Have you noticed that by dint of undiverted concentration over the decades, they've not only come to resemble the quarry of their heart's desires - beaked noses, pee-holes-in-a-snowbank eyes - they actually surpass them? They're more avian than their winged delights.
OK, after that introduction, here are just a few of the odder birds - non-human - I've met along the way.
The Frigate Bird
These mostly black tropical creatures can reach almost four feet in length with a seven-foot wingspan. But what most distinguishes them is the huge red balloon that males inflate below their beaks to attract the belles of the ornithological world when they're in heat.
Known as the gular sac, it requires a lot of energy and about eight hours to reach full inflation, and a pretty long time to deflate, too, when the wrinkled red skin sags beneath the beak in a serious case of brewers' droop.

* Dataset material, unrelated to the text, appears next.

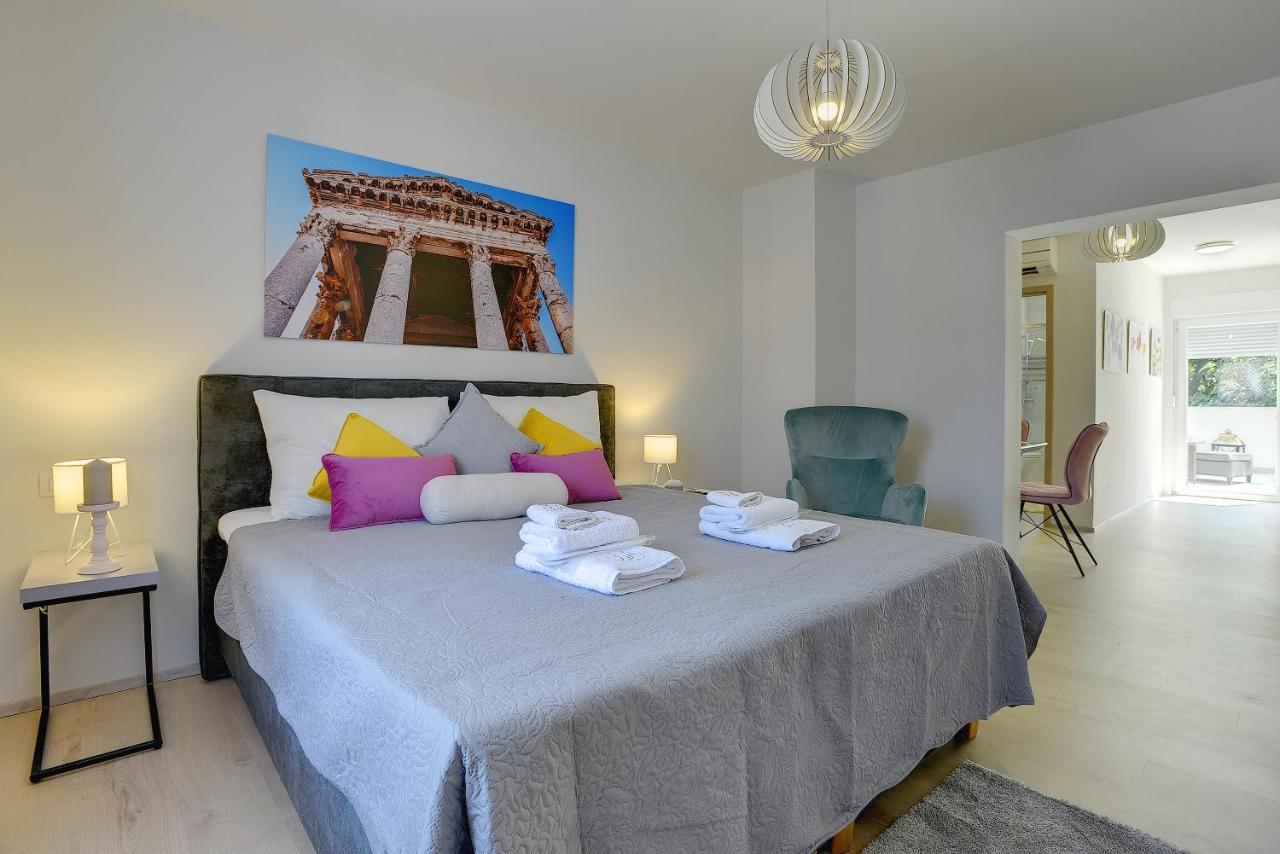 D&a Center With Free Parking * Pula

Below, in both inflated and deflated mode, on Lobos and North Seymour Islands in the Galápagos.
The Johnny Rook or Flying Devil
That's what they call the Caracara, a member of the falcon family, in the Falkland Islands. A scavenger, with no noticeable fear of humans, whom he/she's quite prepared to face in a staring stand-off, it is basically black and distinguished by a brilliant yellow growth pushing through the breast feathers like a large egg yoke.
I hunted through a zillion sites on the web, and couldn't find one reference to the bulge, let alone a name. But you'll see it not only on the photos below from Carcass Island, but on Google images and elsewhere.
Birds of Paradise
From Flying Devil to Birds of Paradise! These magnificently plumed and coloured creatures with complexly intricate mating dances are a true marvel with their inordinately long tails, ruffs and other appendages. They can be found only in New Guinea.
They perch at some distances, necessitating binoculars and zoom lenses. The most exotic I've seen is the King of Saxony near Tari, in the Western Highlands. He's only about nine inches long and is brown and yellow, but he has two incredible two-foot long blue quills sticking out of his head, which he moves around, and back and forth, like rabbit antennae atop a TV set.
Needless to say, I fumble the camera - anyway the zoom is not strong enough to get him other than in a indistinguishable blur.
But some less exceptional birds of paradise flock to the Kumul Mountain Lodge amid the rain forest at the foot of Mount Hagen, in the Central Highlands, where a buffet table of fruit attracts them.
Here's a male sickle-beak with an enormous black tail and a fluorescent blue patch behind his head, and a female with a reddish head and a shorter but still long brown tail.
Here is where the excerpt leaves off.